---- LISTED RECORDS
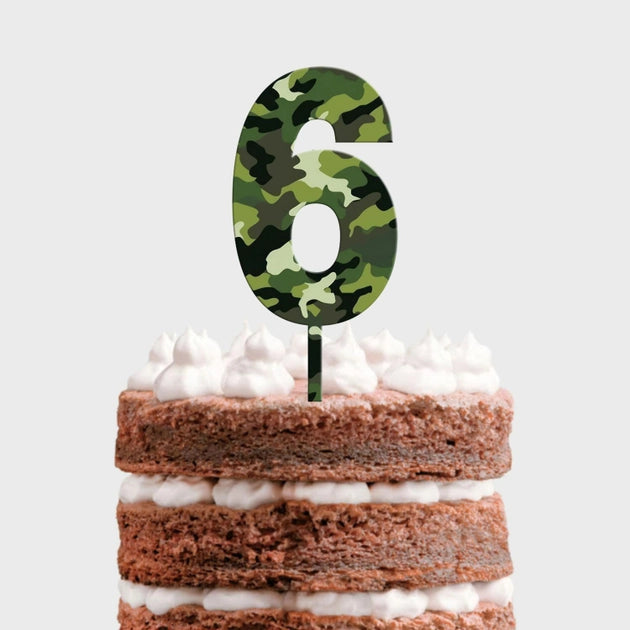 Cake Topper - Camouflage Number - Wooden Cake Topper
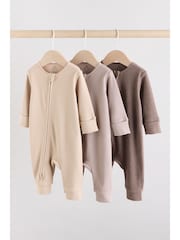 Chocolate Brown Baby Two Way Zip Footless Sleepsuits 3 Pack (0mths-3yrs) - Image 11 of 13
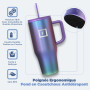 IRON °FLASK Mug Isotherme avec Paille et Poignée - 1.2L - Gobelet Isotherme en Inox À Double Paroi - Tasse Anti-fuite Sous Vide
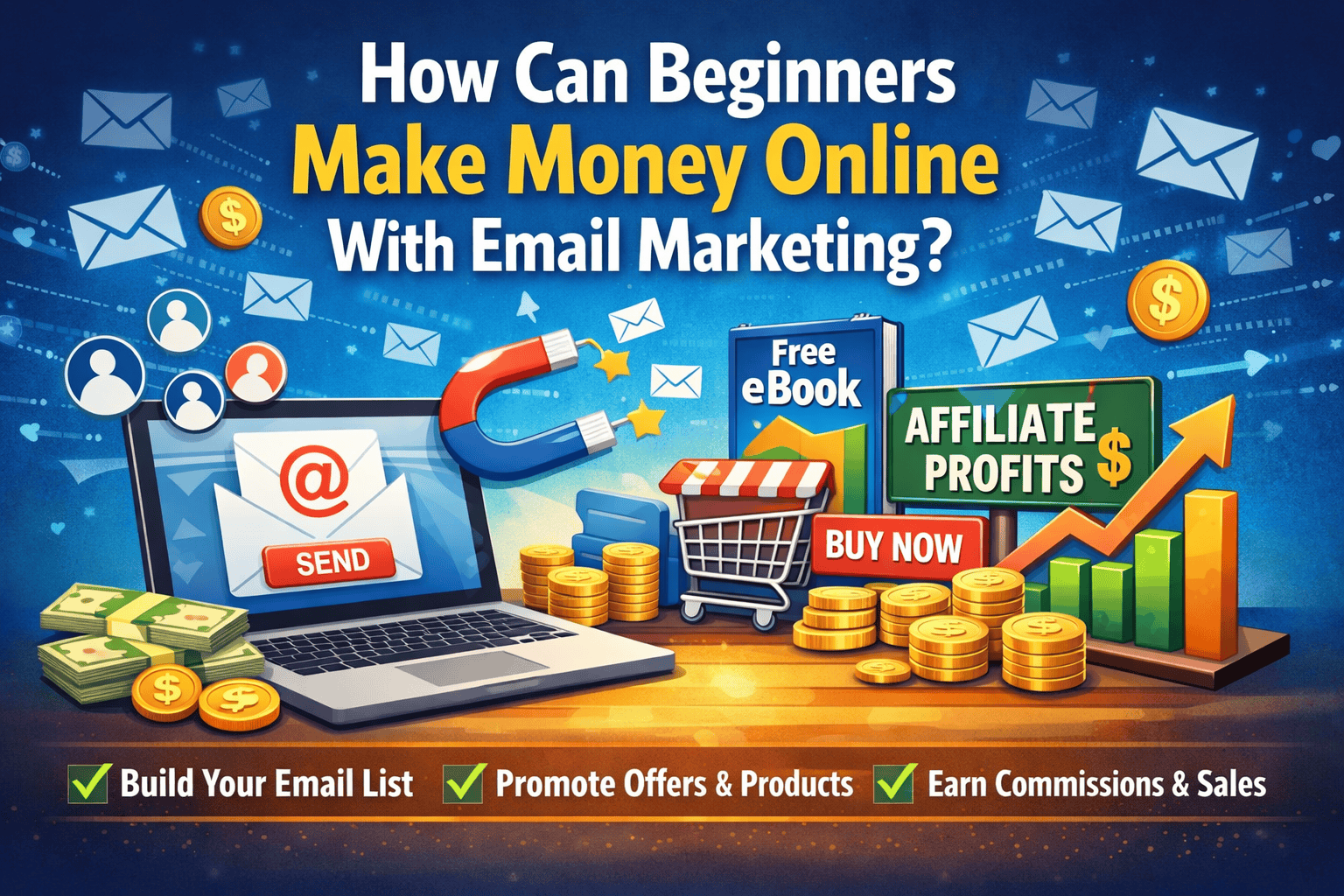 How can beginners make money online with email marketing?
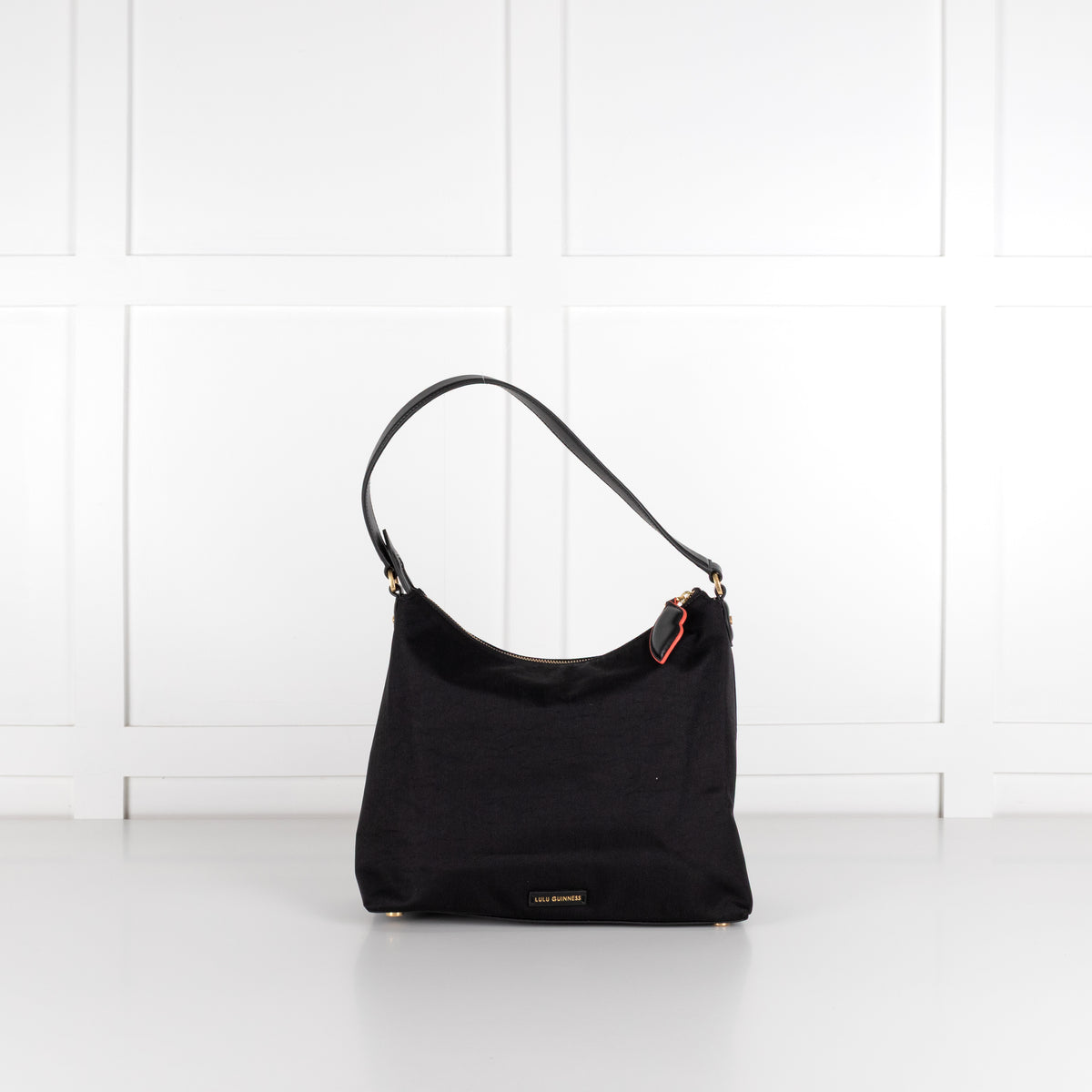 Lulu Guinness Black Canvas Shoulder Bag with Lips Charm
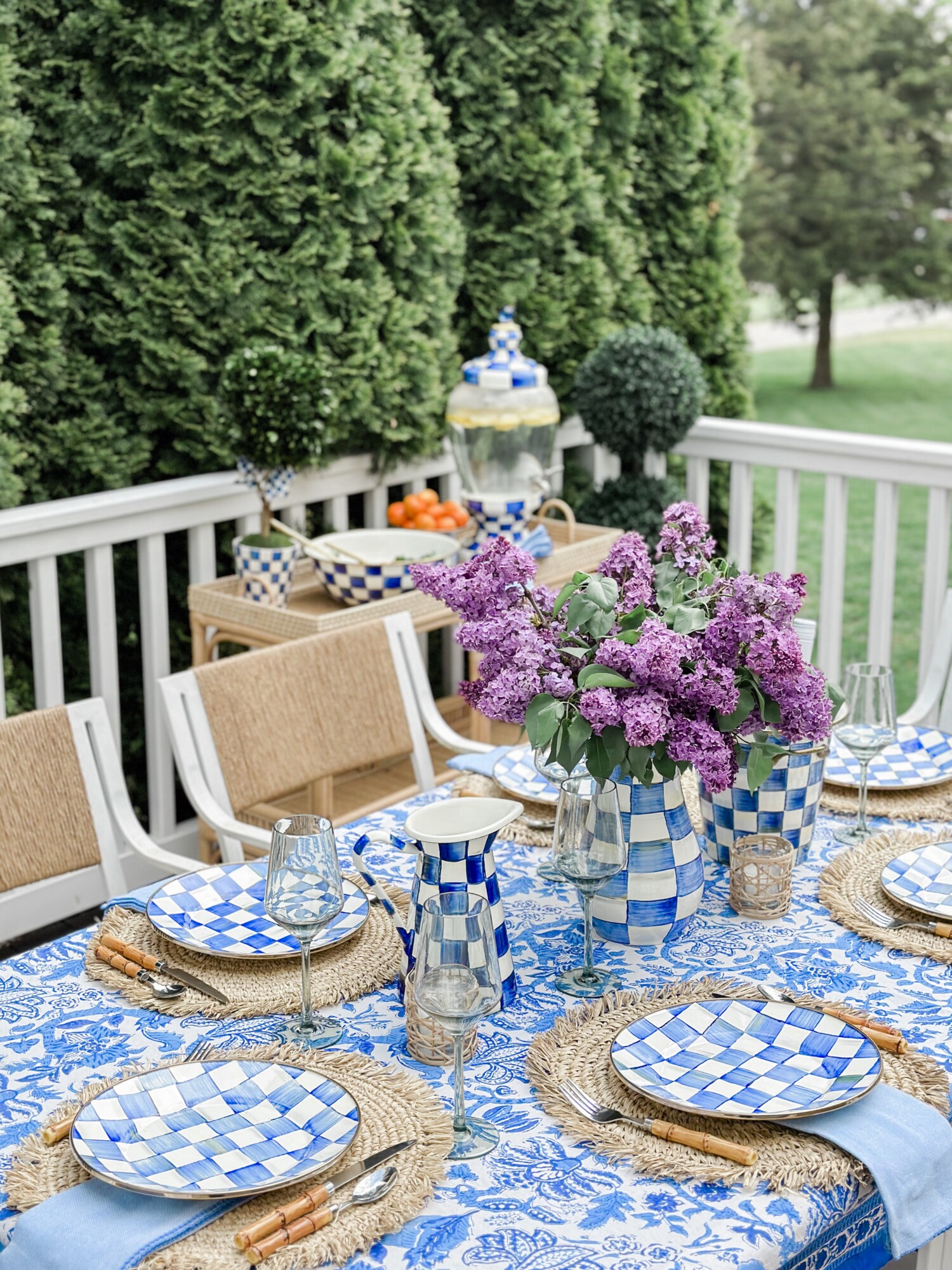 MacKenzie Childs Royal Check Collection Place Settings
--------
# HOW TO COMPLETE THIS TASK
Your answer must be exactly the lines from the one with "IRON °FLASK Mug" through the last line of the entries, both included, with no pictures; please add nothing else.

# ANSWER FOR THIS EXERCISE
 IRON °FLASK Mug Isotherme avec Paille et Poignée - 1.2L - Gobelet Isotherme en Inox À Double Paroi - Tasse Anti-fuite Sous Vide
 How can beginners make money online with email marketing?
 Lulu Guinness Black Canvas Shoulder Bag with Lips Charm
 MacKenzie Childs Royal Check Collection Place Settings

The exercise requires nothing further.